Could you repeat, word for word, the line with "Dingle, Ireland - 7" and every line after it in the records below, leaving out any pictures?
** GIVEN DATA follows **
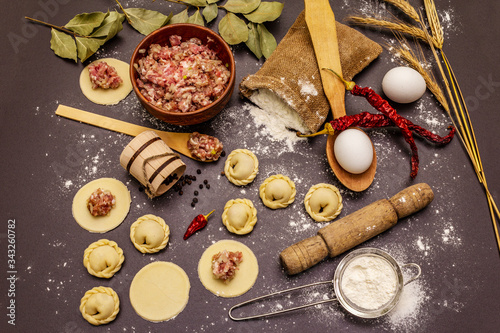 Composition with raw dumplings and ingredients on trendy black stone concrete background. Process of cooking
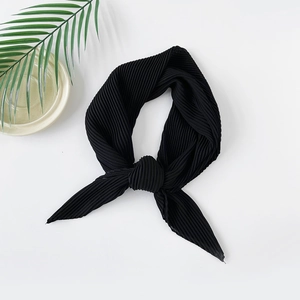 Detail of black plissé pleated chiffon scarf showing soft texture and fine fabric folds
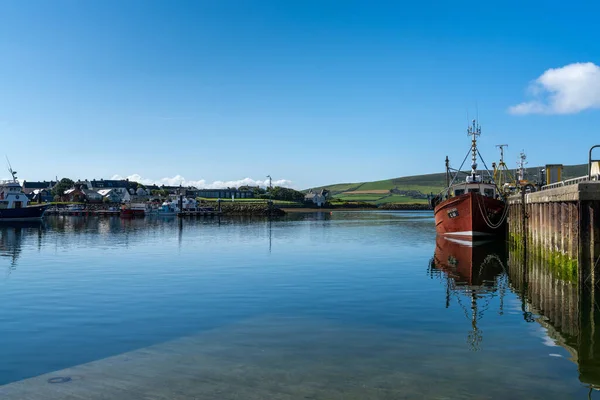 Dingle, Ireland - 7 August, 2022: red fishing boat on the docks of Dingle Harbor in County Kerry with reflections in the calm water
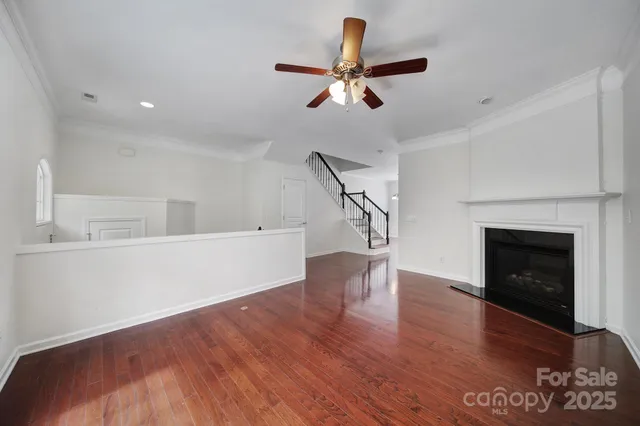 a view of a livingroom with a fireplace and wooden floor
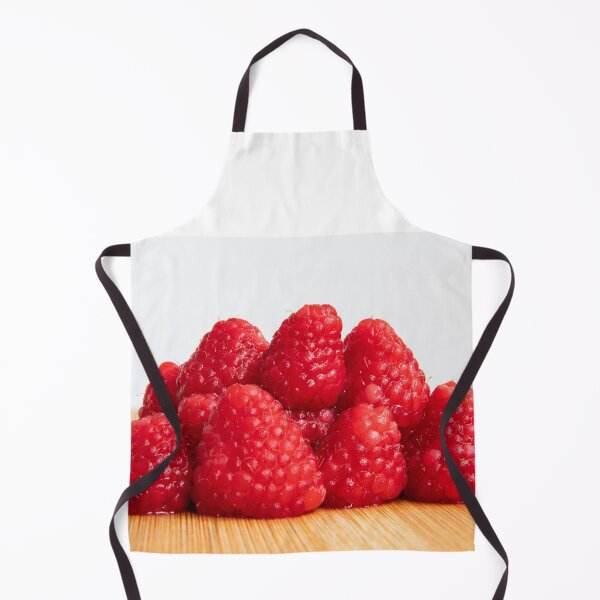 Item preview, Fresh red raspberry fruits stacked on wooden board designed and sold by krisgreenwood.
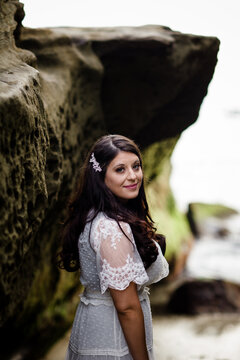 Newlywed Bride Standing Between Rocks on Beach in San Diego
** End of GIVEN DATA **
## [RESULT OF THE TASK]
 Dingle, Ireland - 7 August, 2022: red fishing boat on the docks of Dingle Harbor in County Kerry with reflections in the calm water
 a view of a livingroom with a fireplace and wooden floor
 Item preview, Fresh red raspberry fruits stacked on wooden board designed and sold by krisgreenwood.
 Newlywed Bride Standing Between Rocks on Beach in San Diego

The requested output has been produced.